Por estranho que possa parecer ao leitor moderno, sexo e filosofia caminham lado a lado por todo o romance. As personagens masturbam-se, copulam e, então, discutem ontologia e moral, enquanto restauram as forças para a próxima rodada de prazer.
Esta estratégia narrativa fazia perfeitamente sentido em 1748, ao mostrar como o conhecimento carnal podia abrir o caminho para o Iluminismo -o Iluminismo radical de La Mettrie, Helvétius, Diderot e d'Holbach.
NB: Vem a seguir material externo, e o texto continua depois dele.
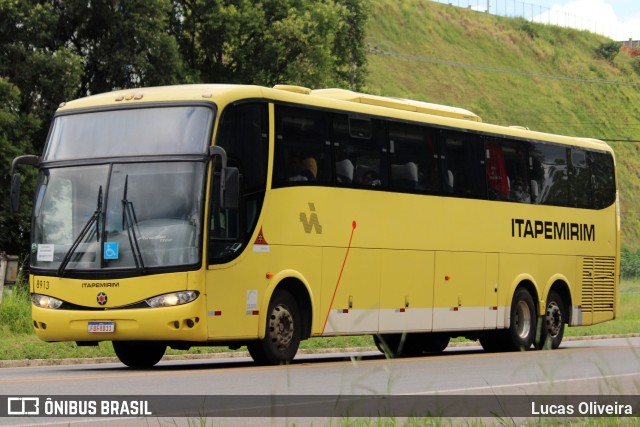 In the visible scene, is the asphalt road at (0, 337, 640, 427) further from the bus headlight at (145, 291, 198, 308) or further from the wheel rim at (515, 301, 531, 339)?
the wheel rim at (515, 301, 531, 339)

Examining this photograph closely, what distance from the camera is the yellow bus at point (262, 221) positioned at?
18.6m

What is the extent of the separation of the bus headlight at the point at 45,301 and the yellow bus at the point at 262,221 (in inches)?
0.9

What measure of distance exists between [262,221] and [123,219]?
1.92 metres

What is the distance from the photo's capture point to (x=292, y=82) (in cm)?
4622

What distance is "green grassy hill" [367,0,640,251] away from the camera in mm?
104000

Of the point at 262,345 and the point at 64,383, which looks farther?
the point at 262,345

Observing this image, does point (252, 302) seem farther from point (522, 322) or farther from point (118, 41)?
point (118, 41)

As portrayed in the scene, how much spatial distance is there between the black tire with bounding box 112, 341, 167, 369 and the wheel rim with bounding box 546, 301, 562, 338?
9097mm

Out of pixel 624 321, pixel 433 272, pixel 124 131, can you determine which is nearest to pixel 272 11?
pixel 624 321

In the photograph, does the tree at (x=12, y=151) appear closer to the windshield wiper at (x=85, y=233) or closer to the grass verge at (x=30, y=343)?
the grass verge at (x=30, y=343)

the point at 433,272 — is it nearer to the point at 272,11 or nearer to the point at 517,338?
the point at 517,338

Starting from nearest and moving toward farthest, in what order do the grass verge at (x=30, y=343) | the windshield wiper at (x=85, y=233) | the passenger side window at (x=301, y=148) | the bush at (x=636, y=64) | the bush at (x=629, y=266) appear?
1. the windshield wiper at (x=85, y=233)
2. the passenger side window at (x=301, y=148)
3. the grass verge at (x=30, y=343)
4. the bush at (x=629, y=266)
5. the bush at (x=636, y=64)

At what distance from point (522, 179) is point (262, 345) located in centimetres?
847

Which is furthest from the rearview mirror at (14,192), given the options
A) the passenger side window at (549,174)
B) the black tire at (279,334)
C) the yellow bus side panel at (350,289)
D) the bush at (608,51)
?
the bush at (608,51) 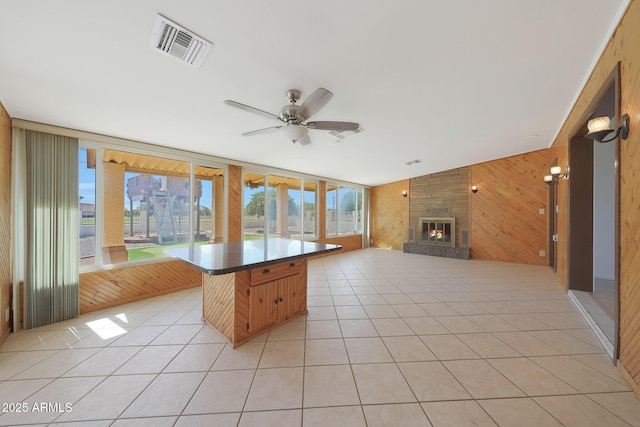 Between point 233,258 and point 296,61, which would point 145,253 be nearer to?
point 233,258

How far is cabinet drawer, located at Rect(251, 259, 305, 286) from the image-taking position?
2.32 meters

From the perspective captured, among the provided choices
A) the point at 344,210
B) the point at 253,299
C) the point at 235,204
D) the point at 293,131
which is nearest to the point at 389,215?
the point at 344,210

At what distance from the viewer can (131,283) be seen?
11.0 ft

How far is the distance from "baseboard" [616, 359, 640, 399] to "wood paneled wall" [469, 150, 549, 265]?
186 inches

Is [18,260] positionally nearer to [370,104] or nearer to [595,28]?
[370,104]

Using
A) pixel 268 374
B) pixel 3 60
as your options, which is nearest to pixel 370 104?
pixel 268 374

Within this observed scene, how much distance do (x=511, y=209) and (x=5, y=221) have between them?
349 inches

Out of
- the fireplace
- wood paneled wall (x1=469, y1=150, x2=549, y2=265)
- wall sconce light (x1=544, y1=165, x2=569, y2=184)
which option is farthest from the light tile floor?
the fireplace

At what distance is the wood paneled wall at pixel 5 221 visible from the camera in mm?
2273

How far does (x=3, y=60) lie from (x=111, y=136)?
60.0 inches

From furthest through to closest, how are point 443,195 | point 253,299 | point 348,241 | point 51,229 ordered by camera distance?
point 348,241 < point 443,195 < point 51,229 < point 253,299

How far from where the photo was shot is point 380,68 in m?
2.06

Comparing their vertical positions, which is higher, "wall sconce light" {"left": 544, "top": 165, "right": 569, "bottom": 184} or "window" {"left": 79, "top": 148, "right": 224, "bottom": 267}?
"wall sconce light" {"left": 544, "top": 165, "right": 569, "bottom": 184}

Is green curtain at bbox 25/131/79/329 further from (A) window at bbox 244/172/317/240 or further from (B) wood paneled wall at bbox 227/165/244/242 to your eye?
(A) window at bbox 244/172/317/240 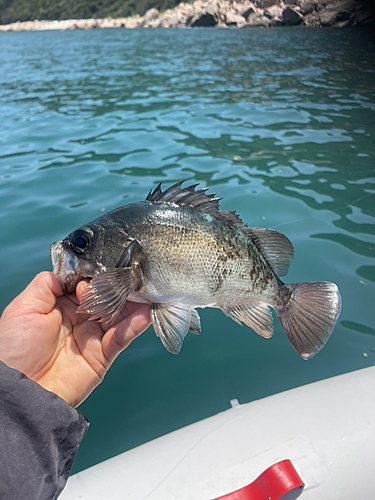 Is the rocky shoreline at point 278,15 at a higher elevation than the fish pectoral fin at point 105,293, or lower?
higher

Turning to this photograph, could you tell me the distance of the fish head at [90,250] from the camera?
2.22 meters

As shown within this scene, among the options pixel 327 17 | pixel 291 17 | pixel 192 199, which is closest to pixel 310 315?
pixel 192 199

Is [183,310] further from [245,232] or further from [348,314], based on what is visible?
[348,314]

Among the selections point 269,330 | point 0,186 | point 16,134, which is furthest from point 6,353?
point 16,134

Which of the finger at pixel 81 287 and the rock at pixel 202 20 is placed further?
the rock at pixel 202 20

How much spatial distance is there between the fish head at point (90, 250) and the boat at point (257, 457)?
3.79ft

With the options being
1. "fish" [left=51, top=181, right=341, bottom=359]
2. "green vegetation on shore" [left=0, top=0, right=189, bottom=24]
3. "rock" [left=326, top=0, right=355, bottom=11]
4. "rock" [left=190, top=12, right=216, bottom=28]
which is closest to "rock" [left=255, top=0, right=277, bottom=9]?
"rock" [left=190, top=12, right=216, bottom=28]

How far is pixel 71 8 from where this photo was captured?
4392 inches

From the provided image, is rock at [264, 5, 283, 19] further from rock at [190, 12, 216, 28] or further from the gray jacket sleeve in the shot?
the gray jacket sleeve

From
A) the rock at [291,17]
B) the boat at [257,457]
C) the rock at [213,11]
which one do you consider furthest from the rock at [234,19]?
the boat at [257,457]

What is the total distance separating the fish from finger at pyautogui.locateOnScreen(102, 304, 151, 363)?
0.13m

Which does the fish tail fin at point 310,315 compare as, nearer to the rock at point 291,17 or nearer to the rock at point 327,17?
the rock at point 327,17

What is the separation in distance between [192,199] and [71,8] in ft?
446

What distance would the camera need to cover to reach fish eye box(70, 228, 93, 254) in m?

No final, Thérèse torna-se uma "philosophe" de méritos próprios. Ela aprende que tudo pode ser reduzido a matéria em movimento, que todo conhecimento deriva dos sentidos e que todo comportamento deveria ser governado por um cálculo hedonístico: maximize-se o prazer e minimize-se a dor.
Mas, além de "philosophe", ela é mulher. A maior dor que pode imaginar é a da concepção, ainda mais porque sua mãe e sua antiga mentora quase haviam morrido durante os trabalhos de parto. Assim, por mais que goste de sexo e queira fazer amor com o conde que lhe faz a corte, ela decide que o intercurso sexual não vale o risco envolvido.
Em vista da demografia e da obstetrícia setecentistas, seus cálculos são perfeitamente razoáveis, tanto quanto sua solução: primeiro, a masturbação, e, finalmente, a prevenção da gravidez por meio do coito interrompido.
Como Thérèse é uma camponesa pobre e seu amante um conde, ela não pode nutrir esperanças de um casamento. Mesmo assim, faz um bom negócio: uma anuidade de 2.000 libras mais a gerência de seu castelo. Ela chega mesmo a ditar as regras no jogo amoroso -e, num dos primeiros episódios, afugenta um estuprador agarrando-o pelo pescoço. Em vez de aceitar seu destino, Thérèse recusa o papel de mãe e persegue a felicidade pessoal em seus próprios termos -enquanto mulher materialista, atéia e liberada.